The same old anti-oss story
November 19th, 2003 by HenAn editorial at osnews.com: http://www.osnews.com/story.php?news_id=5180 suggests that open source documentation is in a terrible state and highly inferior to commercial documentation.
This is complete nonsense.
SuSE vs OS X vs Windows XP. The only one to provide any documentation worth a damn was SuSE. I recently installed OpenBSD based on a No Starch Press book, it was great. If I look for a Windows XP book, they seem to nearly all be ‘Blah blah for dummies’ books.
The same argument is given for support, and yet I’m still looking forward to the day commercial support gives me a feel-good moment. I always spend the time wondering why we’re paying someone to give us newsgroup like service.

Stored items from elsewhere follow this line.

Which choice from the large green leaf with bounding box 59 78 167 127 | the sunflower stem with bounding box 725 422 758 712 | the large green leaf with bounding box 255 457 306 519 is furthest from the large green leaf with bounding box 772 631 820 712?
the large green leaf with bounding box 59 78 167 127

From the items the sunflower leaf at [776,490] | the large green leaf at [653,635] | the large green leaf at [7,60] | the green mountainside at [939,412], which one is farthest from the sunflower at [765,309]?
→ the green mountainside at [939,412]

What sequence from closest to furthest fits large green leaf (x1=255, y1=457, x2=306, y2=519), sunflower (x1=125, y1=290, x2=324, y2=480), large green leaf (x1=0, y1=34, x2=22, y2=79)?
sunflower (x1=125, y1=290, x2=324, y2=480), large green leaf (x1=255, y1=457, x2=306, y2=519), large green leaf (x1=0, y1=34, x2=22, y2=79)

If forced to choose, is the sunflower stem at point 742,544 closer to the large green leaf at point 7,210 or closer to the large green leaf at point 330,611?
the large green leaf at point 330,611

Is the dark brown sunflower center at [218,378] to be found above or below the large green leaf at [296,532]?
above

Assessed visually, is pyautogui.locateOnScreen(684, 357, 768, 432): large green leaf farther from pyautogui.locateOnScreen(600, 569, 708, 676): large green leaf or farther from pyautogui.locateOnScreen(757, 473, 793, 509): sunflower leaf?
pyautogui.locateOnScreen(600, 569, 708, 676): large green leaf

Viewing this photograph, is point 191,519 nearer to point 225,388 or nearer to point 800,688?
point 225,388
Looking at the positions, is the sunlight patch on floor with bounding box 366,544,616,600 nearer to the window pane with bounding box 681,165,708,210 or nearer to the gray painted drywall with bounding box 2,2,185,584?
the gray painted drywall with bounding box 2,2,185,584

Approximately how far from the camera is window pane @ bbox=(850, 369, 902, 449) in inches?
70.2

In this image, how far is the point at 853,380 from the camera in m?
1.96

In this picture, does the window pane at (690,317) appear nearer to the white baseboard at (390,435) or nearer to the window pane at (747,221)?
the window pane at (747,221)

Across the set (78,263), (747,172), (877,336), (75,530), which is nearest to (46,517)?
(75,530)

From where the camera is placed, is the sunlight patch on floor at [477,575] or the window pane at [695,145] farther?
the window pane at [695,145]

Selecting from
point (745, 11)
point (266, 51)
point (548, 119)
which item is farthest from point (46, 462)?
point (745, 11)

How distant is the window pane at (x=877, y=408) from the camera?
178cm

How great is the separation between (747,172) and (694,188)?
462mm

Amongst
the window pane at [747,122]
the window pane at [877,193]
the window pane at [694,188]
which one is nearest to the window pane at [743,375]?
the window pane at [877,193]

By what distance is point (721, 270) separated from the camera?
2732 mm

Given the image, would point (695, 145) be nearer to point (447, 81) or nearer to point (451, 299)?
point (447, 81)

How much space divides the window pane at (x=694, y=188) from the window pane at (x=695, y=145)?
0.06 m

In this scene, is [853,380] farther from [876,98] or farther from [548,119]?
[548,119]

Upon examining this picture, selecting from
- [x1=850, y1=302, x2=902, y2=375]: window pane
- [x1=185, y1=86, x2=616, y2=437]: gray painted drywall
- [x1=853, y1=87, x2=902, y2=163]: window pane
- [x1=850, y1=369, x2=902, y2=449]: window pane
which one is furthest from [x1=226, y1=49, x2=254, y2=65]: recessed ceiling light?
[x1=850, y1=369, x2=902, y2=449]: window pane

Best language books? The O’Reilly Perl series.
How many commercial products have mail list archives I can look at? Some of the more open ones do, but the classic corporate ones are nice and hidden. The more private the support, the worst the archive.
Blogs are another good advantage for open source. Commercial products have nice ‘do-not-blog’ management that doesn’t allow people involved in a product to discuss it outside of marketing. Open source products are truthful.

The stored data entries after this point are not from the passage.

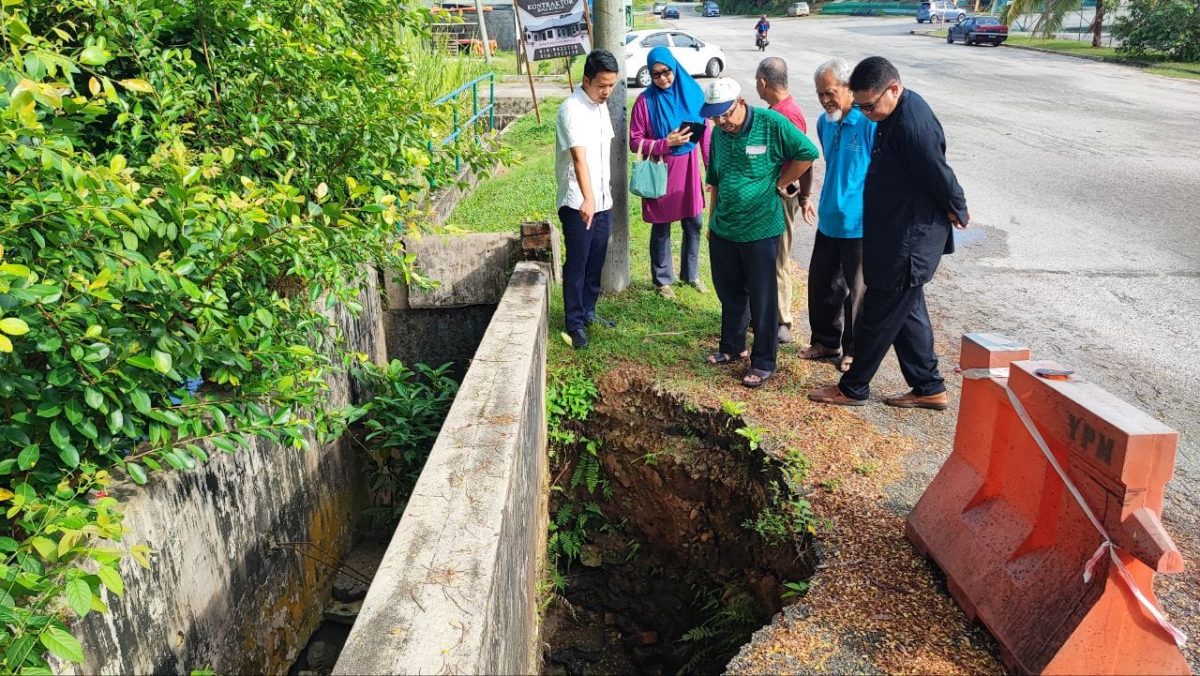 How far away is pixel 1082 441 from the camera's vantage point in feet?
8.90

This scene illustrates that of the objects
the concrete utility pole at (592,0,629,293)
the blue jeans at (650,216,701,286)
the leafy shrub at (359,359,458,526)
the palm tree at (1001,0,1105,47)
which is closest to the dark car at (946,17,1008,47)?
the palm tree at (1001,0,1105,47)

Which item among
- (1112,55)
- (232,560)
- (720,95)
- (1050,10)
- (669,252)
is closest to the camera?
(232,560)

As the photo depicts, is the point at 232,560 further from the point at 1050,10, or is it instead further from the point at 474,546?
the point at 1050,10

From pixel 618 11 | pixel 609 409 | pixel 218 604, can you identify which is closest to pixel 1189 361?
pixel 609 409

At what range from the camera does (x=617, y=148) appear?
5895 millimetres

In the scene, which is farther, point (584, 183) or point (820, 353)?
point (820, 353)

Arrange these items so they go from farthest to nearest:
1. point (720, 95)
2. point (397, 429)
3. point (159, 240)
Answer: point (720, 95)
point (397, 429)
point (159, 240)

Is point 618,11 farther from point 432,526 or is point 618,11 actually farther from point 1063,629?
point 1063,629

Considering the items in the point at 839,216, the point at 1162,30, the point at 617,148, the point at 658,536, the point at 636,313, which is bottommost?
the point at 658,536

Lastly there’s the classic open source support advantage. You talk to the developers, and not a tiered first to fourth support system, or some third party company [ie Dell] who are not the company who created the product you are using [Windows XP].
This applies to documentation too. Developers are a lot closer to the documentation and they’re not based vaguely on the requirements which might not be fully realised in the product.

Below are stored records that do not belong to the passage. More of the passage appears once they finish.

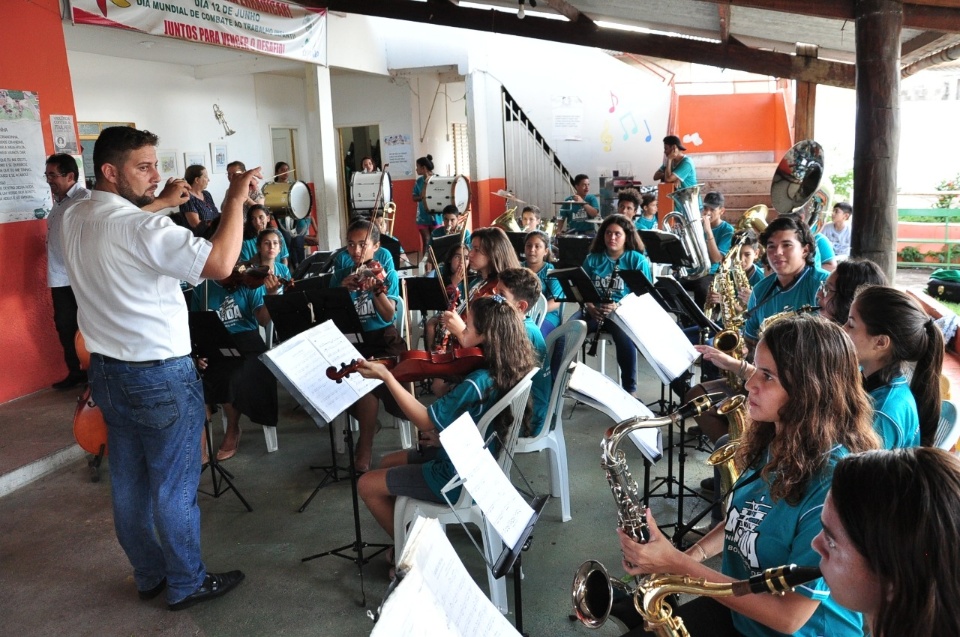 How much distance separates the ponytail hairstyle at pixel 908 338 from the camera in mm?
2350

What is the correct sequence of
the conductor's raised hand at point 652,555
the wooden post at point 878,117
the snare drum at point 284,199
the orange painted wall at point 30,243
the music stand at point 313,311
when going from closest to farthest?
the conductor's raised hand at point 652,555 → the music stand at point 313,311 → the wooden post at point 878,117 → the orange painted wall at point 30,243 → the snare drum at point 284,199

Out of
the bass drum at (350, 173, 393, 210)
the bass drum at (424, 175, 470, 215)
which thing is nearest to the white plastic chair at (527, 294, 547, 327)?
the bass drum at (350, 173, 393, 210)

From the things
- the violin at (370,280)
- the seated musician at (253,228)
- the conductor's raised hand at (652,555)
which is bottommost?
the conductor's raised hand at (652,555)

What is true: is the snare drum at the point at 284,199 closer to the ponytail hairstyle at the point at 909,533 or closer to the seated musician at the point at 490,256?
Answer: the seated musician at the point at 490,256

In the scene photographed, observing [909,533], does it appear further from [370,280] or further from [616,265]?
[616,265]

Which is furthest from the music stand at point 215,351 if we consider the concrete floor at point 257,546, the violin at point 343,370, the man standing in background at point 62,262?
the man standing in background at point 62,262

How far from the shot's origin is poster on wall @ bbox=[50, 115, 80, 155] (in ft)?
19.6

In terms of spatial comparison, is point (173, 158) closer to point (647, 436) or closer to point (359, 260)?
point (359, 260)

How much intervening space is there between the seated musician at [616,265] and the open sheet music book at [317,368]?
9.52 feet

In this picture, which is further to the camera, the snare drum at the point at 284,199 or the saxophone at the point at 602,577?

November 21st, 2003 at 8:39 am
I agree that the “poor docs, poor support” rap against OSS is comletely bogus. I have referred more people to the tomcat docs, for example, for understanding how classloading, jndi resources, servlet contexts, etc. work (in any J2EE web container) than any other place (including docs for commercial containers). Of course, just like the commercial docs, some OSS docs are *much* better than others.
The really big deal, however, is support. I have often thought about doing an empirical study comparing “mean time to problem resolution” for open source vs. commercial products. For an active, large-community product like, e.g., struts or tomcat, questions are often fully and correctly answered in minutes when posted to the user list. For commercial products, days or weeks are not uncommon.
Has anyone every done this kind of research?